(Beginning of Extracted material)

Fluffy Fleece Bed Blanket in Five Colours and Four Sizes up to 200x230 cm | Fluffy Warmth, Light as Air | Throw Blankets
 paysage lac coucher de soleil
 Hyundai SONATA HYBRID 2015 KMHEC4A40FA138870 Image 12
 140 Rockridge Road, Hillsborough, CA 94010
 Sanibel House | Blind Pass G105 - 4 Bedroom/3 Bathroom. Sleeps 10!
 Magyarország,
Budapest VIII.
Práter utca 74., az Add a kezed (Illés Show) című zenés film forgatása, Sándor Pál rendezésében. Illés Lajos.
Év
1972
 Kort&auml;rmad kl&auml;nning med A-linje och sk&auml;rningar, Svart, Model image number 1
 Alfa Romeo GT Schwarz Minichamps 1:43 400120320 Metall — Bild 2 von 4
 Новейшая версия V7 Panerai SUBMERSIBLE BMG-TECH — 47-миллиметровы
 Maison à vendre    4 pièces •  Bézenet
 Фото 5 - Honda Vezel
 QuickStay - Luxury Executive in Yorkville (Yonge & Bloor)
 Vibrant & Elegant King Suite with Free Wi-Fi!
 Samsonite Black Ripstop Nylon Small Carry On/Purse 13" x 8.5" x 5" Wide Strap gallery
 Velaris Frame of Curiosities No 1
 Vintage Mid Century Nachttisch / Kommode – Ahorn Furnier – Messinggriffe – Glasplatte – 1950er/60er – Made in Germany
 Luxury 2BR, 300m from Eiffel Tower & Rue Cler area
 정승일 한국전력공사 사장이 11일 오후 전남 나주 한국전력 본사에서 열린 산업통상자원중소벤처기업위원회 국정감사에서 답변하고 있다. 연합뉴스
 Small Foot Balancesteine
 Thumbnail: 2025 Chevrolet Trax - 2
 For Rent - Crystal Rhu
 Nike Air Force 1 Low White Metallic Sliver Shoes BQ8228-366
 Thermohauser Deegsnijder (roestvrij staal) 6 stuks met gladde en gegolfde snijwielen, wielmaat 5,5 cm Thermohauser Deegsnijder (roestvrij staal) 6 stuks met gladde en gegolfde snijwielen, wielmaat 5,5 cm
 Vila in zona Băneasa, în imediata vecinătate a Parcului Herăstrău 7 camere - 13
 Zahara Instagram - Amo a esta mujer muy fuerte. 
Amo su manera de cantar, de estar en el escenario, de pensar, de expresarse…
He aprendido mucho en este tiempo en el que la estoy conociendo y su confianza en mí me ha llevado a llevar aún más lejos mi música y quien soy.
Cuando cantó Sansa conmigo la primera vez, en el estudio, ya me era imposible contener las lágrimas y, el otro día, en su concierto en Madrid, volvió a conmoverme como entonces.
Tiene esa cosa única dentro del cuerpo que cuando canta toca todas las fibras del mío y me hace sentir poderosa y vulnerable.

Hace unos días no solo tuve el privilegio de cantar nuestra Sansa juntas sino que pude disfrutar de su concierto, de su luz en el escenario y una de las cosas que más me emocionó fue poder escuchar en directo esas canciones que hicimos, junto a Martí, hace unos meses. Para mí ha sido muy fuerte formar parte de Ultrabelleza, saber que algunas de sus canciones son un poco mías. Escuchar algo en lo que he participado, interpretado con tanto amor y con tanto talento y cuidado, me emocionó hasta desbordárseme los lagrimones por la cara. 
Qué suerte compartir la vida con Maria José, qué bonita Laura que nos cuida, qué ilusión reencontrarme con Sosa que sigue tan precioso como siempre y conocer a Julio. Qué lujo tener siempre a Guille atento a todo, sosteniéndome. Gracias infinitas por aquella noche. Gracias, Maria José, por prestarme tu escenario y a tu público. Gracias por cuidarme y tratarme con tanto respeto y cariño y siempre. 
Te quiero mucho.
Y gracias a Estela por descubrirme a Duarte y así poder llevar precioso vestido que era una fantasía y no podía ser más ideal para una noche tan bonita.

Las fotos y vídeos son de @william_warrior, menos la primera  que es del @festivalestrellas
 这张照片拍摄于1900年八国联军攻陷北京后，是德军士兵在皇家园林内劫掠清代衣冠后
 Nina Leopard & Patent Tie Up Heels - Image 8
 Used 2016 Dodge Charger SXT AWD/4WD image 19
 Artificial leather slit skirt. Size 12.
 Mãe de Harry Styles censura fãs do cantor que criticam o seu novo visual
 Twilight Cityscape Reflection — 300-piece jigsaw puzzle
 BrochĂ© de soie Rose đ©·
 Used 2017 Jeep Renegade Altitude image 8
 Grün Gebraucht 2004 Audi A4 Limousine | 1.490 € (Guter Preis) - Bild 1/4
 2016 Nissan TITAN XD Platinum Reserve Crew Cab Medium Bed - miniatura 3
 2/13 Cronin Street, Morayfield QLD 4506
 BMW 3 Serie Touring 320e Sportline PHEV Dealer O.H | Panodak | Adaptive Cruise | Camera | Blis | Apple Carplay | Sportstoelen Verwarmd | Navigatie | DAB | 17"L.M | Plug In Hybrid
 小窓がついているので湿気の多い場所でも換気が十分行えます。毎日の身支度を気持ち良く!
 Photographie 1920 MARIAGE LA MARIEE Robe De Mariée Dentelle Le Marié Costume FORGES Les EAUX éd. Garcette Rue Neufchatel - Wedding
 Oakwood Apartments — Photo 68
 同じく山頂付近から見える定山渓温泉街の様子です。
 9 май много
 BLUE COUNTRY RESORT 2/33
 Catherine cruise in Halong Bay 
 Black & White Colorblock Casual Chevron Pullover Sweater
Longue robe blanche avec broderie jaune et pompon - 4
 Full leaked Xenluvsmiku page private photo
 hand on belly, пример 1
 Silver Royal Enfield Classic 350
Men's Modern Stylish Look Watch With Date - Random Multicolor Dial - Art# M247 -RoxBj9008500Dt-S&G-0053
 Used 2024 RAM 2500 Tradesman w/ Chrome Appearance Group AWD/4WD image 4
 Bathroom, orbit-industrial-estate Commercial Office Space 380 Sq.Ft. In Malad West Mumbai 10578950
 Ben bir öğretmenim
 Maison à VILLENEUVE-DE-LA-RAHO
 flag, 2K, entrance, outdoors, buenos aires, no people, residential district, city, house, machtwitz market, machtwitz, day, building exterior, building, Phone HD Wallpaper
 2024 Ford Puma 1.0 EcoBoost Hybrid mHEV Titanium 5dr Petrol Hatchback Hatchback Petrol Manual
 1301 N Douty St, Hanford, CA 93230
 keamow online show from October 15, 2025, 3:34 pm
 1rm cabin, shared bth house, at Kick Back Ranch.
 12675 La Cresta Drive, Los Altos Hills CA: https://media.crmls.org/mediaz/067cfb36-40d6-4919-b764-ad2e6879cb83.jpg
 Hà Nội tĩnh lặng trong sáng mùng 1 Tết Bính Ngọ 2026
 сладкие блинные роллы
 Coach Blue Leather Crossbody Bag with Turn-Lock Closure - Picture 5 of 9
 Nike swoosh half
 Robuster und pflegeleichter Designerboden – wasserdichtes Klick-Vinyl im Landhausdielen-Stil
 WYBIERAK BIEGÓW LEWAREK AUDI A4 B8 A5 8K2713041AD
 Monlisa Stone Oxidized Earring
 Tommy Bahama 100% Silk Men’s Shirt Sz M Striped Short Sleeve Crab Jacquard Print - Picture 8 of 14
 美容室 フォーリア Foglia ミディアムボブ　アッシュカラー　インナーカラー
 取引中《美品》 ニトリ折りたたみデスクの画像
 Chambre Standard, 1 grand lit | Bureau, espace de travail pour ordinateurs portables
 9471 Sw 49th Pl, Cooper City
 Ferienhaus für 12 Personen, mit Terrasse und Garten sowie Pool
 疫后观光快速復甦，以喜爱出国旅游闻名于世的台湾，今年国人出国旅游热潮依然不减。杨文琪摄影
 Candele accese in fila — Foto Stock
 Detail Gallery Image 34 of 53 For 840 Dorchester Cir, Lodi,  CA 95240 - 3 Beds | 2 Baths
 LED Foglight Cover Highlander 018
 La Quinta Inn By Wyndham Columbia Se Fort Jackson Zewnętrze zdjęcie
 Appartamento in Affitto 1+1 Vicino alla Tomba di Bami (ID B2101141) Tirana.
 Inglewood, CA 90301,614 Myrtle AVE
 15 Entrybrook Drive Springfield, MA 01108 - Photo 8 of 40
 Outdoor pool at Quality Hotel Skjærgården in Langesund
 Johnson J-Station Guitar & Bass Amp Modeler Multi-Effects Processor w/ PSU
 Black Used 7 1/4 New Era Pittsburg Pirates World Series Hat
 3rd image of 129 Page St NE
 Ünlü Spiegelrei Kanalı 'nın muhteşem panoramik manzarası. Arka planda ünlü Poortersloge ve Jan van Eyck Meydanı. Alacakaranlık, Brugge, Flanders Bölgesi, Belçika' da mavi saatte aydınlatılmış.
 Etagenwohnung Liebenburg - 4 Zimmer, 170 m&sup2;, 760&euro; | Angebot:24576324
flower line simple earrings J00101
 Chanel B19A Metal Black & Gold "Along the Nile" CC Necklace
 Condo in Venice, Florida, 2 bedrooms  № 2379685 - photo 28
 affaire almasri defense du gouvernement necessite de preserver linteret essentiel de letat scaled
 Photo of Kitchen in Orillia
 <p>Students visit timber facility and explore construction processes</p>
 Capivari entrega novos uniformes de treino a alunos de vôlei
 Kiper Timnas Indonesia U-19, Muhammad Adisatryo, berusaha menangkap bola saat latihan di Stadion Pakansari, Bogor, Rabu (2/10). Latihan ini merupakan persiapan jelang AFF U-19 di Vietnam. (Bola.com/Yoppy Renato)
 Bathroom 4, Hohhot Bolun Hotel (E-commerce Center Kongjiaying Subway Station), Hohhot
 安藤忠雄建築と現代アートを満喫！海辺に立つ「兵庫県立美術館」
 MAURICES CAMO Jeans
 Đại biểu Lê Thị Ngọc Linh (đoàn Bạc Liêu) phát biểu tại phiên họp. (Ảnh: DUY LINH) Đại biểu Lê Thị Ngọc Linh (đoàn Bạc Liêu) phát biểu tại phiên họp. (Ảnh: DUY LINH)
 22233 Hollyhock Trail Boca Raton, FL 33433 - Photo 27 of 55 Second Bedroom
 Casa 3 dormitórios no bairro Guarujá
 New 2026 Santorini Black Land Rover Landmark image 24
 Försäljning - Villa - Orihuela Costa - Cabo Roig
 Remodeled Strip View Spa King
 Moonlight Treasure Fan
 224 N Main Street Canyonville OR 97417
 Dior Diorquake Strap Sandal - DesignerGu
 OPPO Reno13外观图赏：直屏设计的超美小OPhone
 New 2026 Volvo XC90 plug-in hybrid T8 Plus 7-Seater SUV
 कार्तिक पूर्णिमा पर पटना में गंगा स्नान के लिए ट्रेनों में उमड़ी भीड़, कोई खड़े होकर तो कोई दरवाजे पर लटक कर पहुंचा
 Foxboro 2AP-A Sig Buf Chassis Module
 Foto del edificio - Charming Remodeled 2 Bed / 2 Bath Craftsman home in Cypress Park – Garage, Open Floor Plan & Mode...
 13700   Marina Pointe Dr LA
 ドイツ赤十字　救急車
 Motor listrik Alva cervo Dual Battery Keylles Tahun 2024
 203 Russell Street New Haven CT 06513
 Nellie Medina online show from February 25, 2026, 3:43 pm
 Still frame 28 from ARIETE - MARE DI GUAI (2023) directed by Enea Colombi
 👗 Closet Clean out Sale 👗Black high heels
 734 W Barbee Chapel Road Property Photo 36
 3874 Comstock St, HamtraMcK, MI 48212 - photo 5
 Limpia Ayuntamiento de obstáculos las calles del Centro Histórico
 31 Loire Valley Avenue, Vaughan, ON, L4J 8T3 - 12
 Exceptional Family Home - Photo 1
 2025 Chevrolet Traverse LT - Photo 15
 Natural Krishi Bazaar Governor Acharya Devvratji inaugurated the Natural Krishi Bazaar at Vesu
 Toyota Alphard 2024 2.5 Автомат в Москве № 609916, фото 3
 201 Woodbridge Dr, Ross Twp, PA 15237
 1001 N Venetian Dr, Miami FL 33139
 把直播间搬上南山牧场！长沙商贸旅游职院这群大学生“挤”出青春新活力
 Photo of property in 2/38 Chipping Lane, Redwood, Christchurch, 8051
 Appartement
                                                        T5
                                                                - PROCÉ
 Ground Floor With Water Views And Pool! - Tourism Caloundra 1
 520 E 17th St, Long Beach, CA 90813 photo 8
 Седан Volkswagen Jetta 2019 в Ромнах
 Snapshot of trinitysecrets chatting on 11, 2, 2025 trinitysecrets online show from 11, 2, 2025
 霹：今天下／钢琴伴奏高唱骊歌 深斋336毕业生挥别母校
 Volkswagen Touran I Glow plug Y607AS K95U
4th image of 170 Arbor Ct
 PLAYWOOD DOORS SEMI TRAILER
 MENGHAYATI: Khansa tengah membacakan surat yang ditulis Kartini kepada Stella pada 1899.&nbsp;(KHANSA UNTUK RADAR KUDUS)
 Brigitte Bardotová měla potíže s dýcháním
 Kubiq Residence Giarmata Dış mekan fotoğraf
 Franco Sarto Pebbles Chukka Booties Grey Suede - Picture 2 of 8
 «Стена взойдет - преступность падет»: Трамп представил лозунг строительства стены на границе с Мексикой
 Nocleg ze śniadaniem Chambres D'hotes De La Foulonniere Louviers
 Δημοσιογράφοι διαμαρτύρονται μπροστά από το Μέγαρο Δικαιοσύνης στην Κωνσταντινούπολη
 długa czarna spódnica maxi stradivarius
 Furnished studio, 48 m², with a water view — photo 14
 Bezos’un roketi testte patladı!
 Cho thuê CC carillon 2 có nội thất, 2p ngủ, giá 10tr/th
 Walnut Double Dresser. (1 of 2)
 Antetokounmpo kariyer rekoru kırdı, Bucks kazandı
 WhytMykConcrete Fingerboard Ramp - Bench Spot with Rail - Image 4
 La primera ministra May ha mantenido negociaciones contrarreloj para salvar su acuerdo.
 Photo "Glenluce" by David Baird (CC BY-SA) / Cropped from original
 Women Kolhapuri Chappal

(End of Extracted material)

Reprint exactly the lines above that start at the one with "Small Foot Balancesteine" and end at the one with "Tiene esa cosa", keeping both and adding none.

 Small Foot Balancesteine
 Thumbnail: 2025 Chevrolet Trax - 2
 For Rent - Crystal Rhu
 Nike Air Force 1 Low White Metallic Sliver Shoes BQ8228-366
 Thermohauser Deegsnijder (roestvrij staal) 6 stuks met gladde en gegolfde snijwielen, wielmaat 5,5 cm Thermohauser Deegsnijder (roestvrij staal) 6 stuks met gladde en gegolfde snijwielen, wielmaat 5,5 cm
 Vila in zona Băneasa, în imediata vecinătate a Parcului Herăstrău 7 camere - 13
 Zahara Instagram - Amo a esta mujer muy fuerte. 
Amo su manera de cantar, de estar en el escenario, de pensar, de expresarse…
He aprendido mucho en este tiempo en el que la estoy conociendo y su confianza en mí me ha llevado a llevar aún más lejos mi música y quien soy.
Cuando cantó Sansa conmigo la primera vez, en el estudio, ya me era imposible contener las lágrimas y, el otro día, en su concierto en Madrid, volvió a conmoverme como entonces.
Tiene esa cosa única dentro del cuerpo que cuando canta toca todas las fibras del mío y me hace sentir poderosa y vulnerable.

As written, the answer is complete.